Prawdziwa historia relacji między Alanem Bennettem a wyjątkową panią Shepherd, kobietą o niepewnym pochodzeniu, która 'tymczasowo' zaparkowała swój van na podjeździe domu Bennetta w Londynie i tam mieszkała przez 15 lat.
Jej legenda trwa. Mówiłam o Maggie Smith, która ma 82 lata, a jej występy wciąż mogą konkurować z młodszym pokoleniem aktorów.
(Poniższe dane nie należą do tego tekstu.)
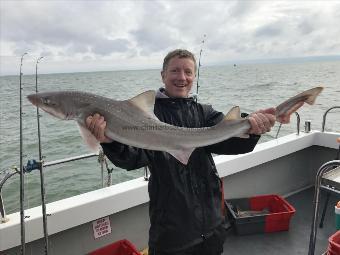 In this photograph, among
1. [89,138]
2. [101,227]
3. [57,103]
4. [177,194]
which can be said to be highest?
[57,103]

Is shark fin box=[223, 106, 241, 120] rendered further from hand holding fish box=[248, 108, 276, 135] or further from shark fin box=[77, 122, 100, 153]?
shark fin box=[77, 122, 100, 153]

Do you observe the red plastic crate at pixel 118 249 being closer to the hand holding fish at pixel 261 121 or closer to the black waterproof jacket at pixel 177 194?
the black waterproof jacket at pixel 177 194

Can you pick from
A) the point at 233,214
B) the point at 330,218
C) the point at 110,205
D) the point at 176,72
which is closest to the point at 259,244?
the point at 233,214

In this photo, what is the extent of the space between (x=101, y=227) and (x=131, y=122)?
203 cm

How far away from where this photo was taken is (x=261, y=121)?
266cm

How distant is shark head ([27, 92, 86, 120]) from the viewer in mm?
2293

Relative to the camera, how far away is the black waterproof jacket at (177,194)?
2.58 metres

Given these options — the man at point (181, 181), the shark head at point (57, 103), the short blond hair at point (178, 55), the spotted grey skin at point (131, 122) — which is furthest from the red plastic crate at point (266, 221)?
Answer: the shark head at point (57, 103)

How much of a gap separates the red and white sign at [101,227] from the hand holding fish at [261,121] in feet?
7.08

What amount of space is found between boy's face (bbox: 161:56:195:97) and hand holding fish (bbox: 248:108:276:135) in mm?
602

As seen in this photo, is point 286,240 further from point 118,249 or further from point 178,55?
point 178,55

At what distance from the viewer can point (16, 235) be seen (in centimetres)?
324

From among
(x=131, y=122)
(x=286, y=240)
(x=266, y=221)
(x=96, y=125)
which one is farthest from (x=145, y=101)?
(x=286, y=240)

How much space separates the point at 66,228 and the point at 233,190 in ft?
9.16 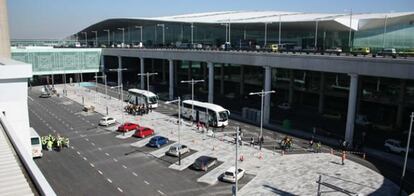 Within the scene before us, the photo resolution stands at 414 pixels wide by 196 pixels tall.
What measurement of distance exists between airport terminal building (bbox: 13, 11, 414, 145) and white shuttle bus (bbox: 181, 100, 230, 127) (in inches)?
245

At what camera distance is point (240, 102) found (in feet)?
232

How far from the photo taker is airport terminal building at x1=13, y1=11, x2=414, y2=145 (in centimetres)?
4416

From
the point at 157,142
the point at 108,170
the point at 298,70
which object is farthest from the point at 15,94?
the point at 298,70

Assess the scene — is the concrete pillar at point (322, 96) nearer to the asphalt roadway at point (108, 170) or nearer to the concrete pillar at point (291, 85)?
the concrete pillar at point (291, 85)

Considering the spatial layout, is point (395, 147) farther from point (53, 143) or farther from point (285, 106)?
point (53, 143)

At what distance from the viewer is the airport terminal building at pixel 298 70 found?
145 ft

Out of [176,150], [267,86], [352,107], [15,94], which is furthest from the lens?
[267,86]

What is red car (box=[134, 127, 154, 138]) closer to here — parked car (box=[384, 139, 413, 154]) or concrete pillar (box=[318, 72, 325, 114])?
parked car (box=[384, 139, 413, 154])

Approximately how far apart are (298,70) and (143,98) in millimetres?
29353

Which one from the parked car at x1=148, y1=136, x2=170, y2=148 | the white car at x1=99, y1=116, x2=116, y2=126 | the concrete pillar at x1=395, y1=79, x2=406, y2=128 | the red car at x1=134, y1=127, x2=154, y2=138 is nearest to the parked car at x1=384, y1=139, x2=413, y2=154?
the concrete pillar at x1=395, y1=79, x2=406, y2=128

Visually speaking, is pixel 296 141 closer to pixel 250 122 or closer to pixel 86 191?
pixel 250 122

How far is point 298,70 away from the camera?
66750mm

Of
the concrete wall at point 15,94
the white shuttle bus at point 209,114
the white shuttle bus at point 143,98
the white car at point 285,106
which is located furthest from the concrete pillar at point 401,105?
the concrete wall at point 15,94

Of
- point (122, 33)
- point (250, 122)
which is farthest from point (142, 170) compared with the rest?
point (122, 33) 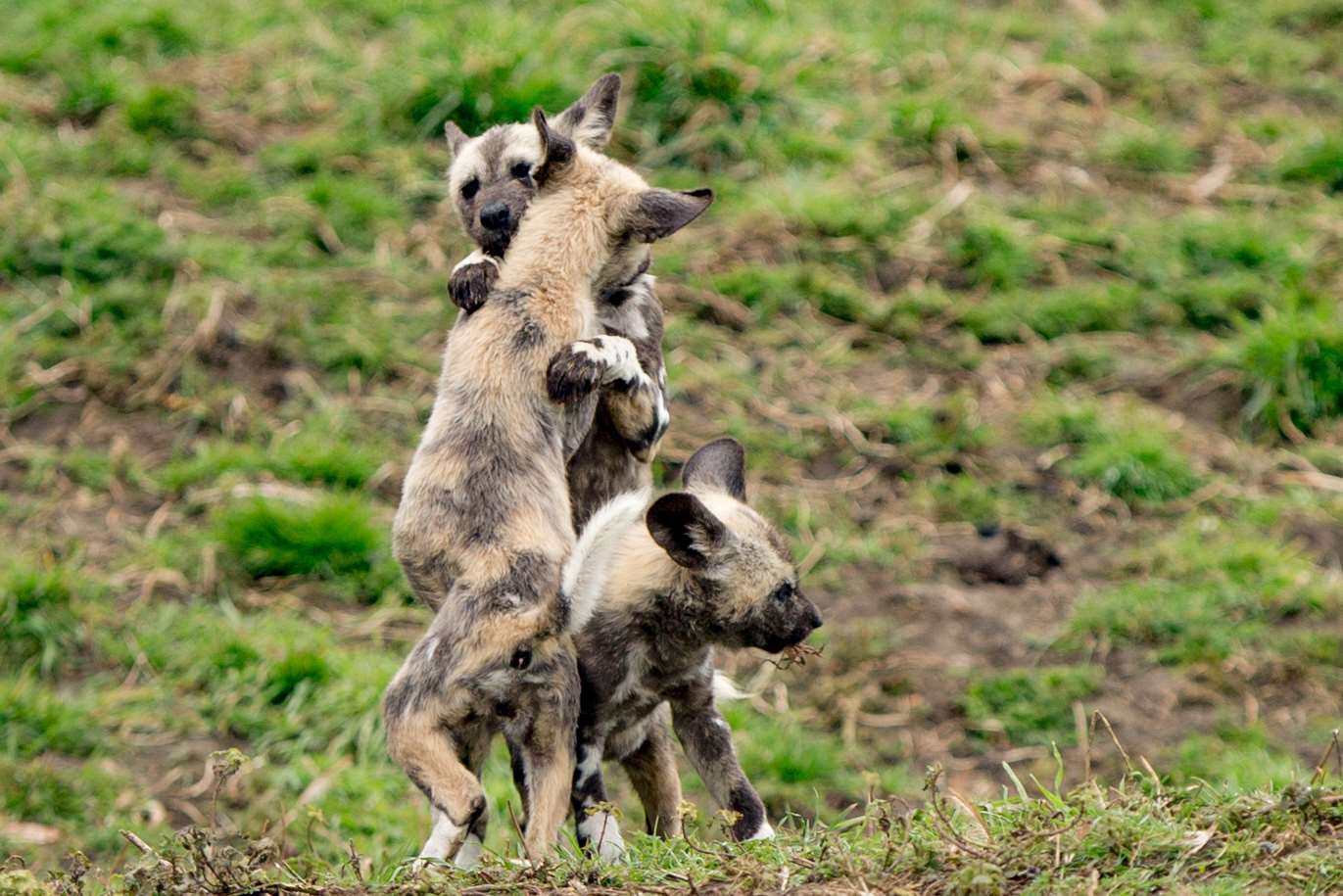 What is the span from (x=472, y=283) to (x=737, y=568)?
99cm

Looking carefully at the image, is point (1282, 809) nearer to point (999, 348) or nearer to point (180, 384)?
point (999, 348)

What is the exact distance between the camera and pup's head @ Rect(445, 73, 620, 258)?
5.07 m

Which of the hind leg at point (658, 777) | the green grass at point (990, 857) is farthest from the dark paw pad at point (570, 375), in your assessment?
the green grass at point (990, 857)

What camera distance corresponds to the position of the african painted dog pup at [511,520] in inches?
165

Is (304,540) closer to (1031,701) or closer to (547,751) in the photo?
(1031,701)

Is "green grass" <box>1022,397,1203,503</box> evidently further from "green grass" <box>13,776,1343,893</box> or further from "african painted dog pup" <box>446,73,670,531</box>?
"green grass" <box>13,776,1343,893</box>

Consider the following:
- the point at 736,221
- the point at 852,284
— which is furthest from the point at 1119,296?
the point at 736,221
Historia została opowiedziana z perspektywy kogoś o roli, którą grała,…
Jej legenda trwa. Mówiłam o Maggie Smith, która ma 82 lata, a jej występy wciąż mogą konkurować z młodszym pokoleniem aktorów. Historia została opowiedziana z perspektywy kogoś o roli, którą grała, dlatego jest trochę osłabiona, w przeciwnym razie gdyby była w solówce, byłaby warta Oscara. Mimochodem, ta osoba była rzeczywistym pisarzem, dlatego film bardzo dobrze ją przedstawił, oprócz niego.
CinemaSerf
10. 05. 2024
70%
Jak sam pisarz przyznaje na końcu, trochę to uzupełnił, ale większość tego to już materiał, który nie da się wymyślić! Kupuje nowy dom w dobrze usytuowanej ulicy w londyńskim Camden, tylko po to, by…
Jak sam pisarz przyznaje na końcu, trochę to uzupełnił, ale większość tego to już materiał, który nie da się wymyślić! Kupuje nowy dom w dobrze usytuowanej ulicy w londyńskim Camden, tylko po to, by odkryć, że okolica jest "zniszczona" złością i smrodem starej kobiety, która mieszka w swoim zardzewiałym starym vanie. Kiedy nadchodzi czas, aby odjechała, kończy zaparkowana przed jego nowym domem i przekonuje go, aby skorzystał z jego udogodnień. To dopiero początek przyjaźni, która rozwija się przez piętnaście lat, podczas których Bennett (Alex Jennings) odkrywa, że ta dama jest interesująca i utalentowana. Bardzo łatwo jest oceniać ją na początku, ale w miarę jak idziemy dalej, zaczynamy zdawać sobie sprawę, że jej domniemane tymczasowe istnienie doskonale się dla niej sprawdza, nawet jeśli irytuje jej bardziej szanownych sąsiadów. Historia ich relacji jest opowiedziana przez znanego dramaturga, który przez większość czasu rozmawia sam ze sobą, a ta seria rozmów stawia pytania nie tylko o jej istnienie, ale także o jego własne. Jego narracja jest dowcipna, wnikliwa i zabawnie ekspresyjna, a całość tajemniczo wieńczy aktor, który wydaje się świetnie bawić się wcielając w postać kobiety o prawdziwym charakterze. Jest trochę długa i trochę traci na sile w kierunku nieuchronnego zakończenia, ale naprawdę skłania do zatrzymania się i trochę przemyślenia o bezdomności, starości i o tym, jak satysfakcjonujące (lub nie) może być życie.